Una insurrección que emprendió desde su inicio -mucho antes de ocuparse de los partidos y de los sindicatos, o de cuestiones como la reforma agraria- la destrucción del aparato educativo creado por la república, hasta el punto de que la Junta de Defensa de Burgos comenzó a tomar decisiones en esta materia desde los primeros momentos. El 19 de agosto de 1936, al cabo de un mes del comienzo del levantamiento militar, se ordenaba a los alcaldes que vigilasen que la enseñanza «responda a las conveniencias nacionales», que «los juegos infantiles, obligatorios, tiendan a la exaltación del patriotismo sano y entusiasta de la España nueva» y que denunciasen «toda manifestación de debilidad u orientación opuesta a la sana y patriótica virtud del ejército y pueblo español».
Que consideraban el esfuerzo educativo de la república como una amenaza lo demuestran las palabras de José Pemartín, jefe del Servicio de educación superior y media, que afirmó en 1937 que «tal vez un 75 por ciento del personal oficial enseñante ha traicionado -unos abiertamente, otros solapadamente, que son los más peligrosos- a la causa nacional. Una depuración inevitable va a disminuir considerablemente, sin duda, la cantidad de personas de la enseñanza oficial».

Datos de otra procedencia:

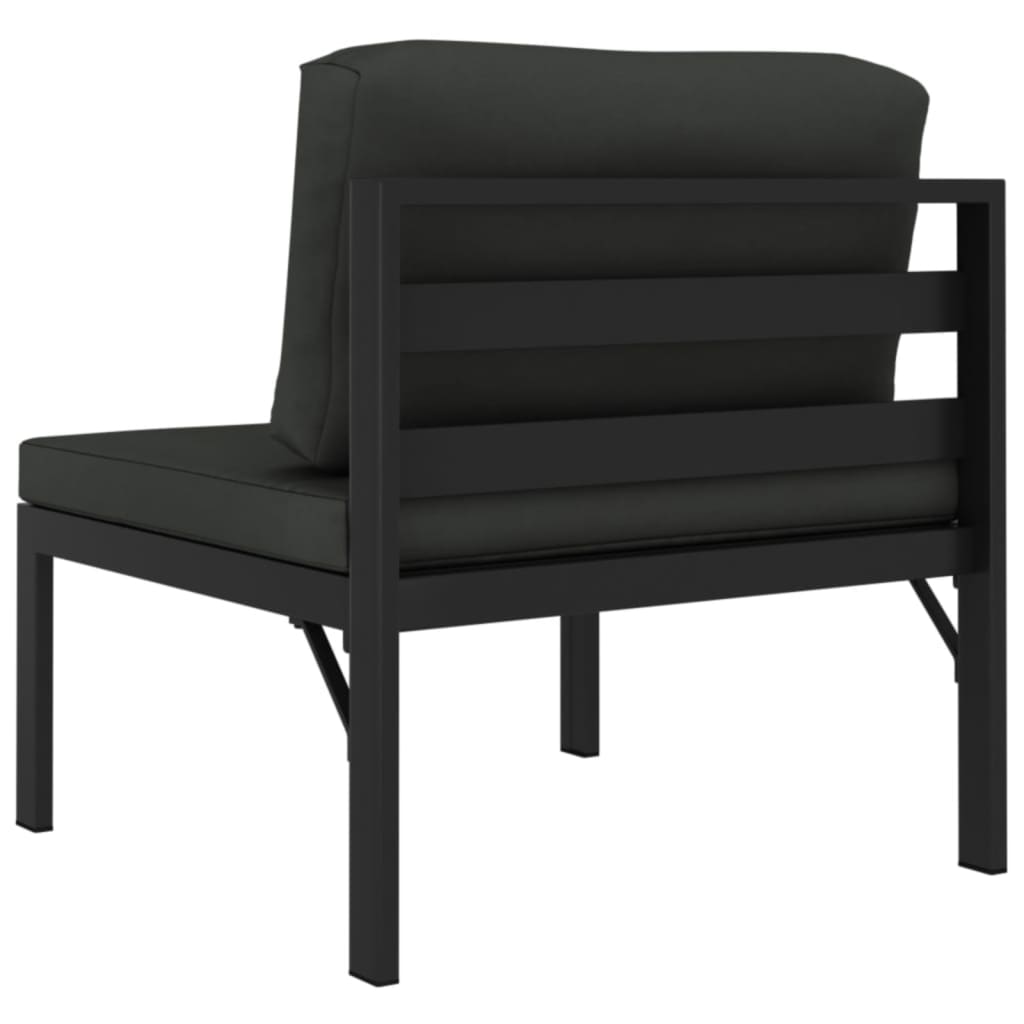 3-tlg. Garten-Sofagarnitur mit Kissen Aluminium Anthrazit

A la fase inicial de persecución y fusilamiento de maestros la siguió una tarea sistemática de depuración, llevada a cabo a largo plazo y metódicamente, a la vez que se cerraban muchos de los institutos de segunda enseñanza creados en esos años, alegando que eran demasiados para las necesidades del país, y que se expulsaba de la universidad a los mejores docentes.
Una República de maestros
Se acostumbra a decir, basándose en la considerable presencia de escritores y académicos en las filas del republicanismo, que aquella fue una República de intelectuales. Atendiendo a su proyecto social y a sus realizaciones, me parece que es más apropiado calificarla como una República de maestros.

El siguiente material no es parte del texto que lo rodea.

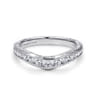 Curved Wedding Ring in 14k White Gold with Round Natural Diamond at Gabriel & Co.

Cuando se cumplen 75 años del 14 de abril de 1931, conviene que recuperemos la memoria de un régimen que, con todas sus carencias, pretendió construir una sociedad donde las graves cuestiones que la dividían pudieran debatirse en un clima de libertad y convivencia. Es evidente que los problemas han cambiado y que las soluciones de ayer no nos sirven hoy. Pero el espíritu de democracia que las inspiró sigue siendo plenamente válido, y la clarificación de las causas que hicieron fracasar aquel proyecto debe ayudarnos a evitar repetir viejos errores, a fundamentar una conciencia colectiva que nos permita vivir en paz y avanzar conjuntamente, con la tolerancia que a ellos se les negó, y que no parece abundar tampoco hoy en la escena política española.